What you should do: Everything below from the line with "RK ROYAL KLUDGE" through the line with "vidaXL Jardinière 110x110x26,5" must be retyped exactly, except the pictures.

Stored data:
*****
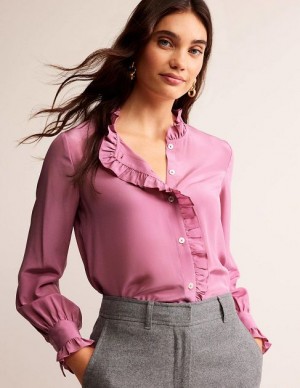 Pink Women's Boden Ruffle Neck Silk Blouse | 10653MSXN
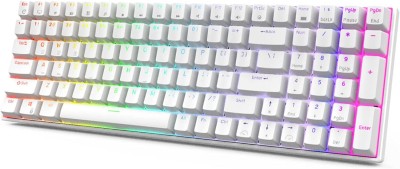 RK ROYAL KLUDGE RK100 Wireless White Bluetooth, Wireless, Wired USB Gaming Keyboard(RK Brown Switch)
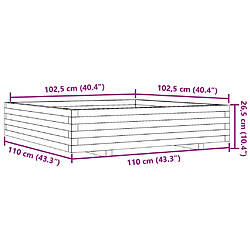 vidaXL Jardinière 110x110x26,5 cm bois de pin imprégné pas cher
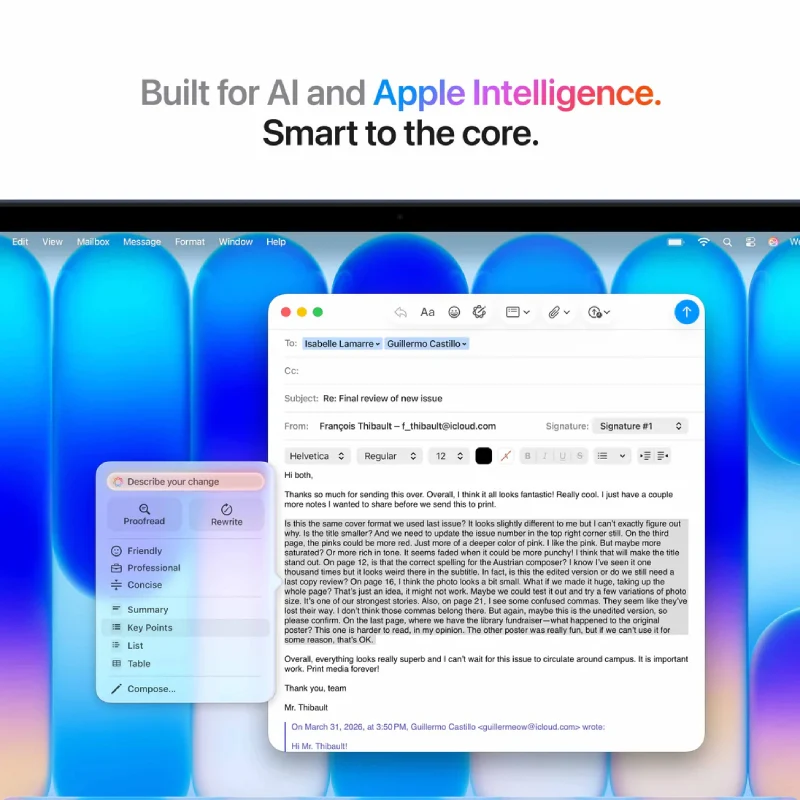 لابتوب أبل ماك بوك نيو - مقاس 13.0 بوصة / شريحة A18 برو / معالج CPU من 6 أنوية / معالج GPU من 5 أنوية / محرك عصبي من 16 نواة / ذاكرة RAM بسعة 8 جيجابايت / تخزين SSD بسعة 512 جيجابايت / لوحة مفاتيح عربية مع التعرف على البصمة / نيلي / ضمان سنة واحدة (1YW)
*****
Solved exercise:
 RK ROYAL KLUDGE RK100 Wireless White Bluetooth, Wireless, Wired USB Gaming Keyboard(RK Brown Switch)
 vidaXL Jardinière 110x110x26,5 cm bois de pin imprégné pas cher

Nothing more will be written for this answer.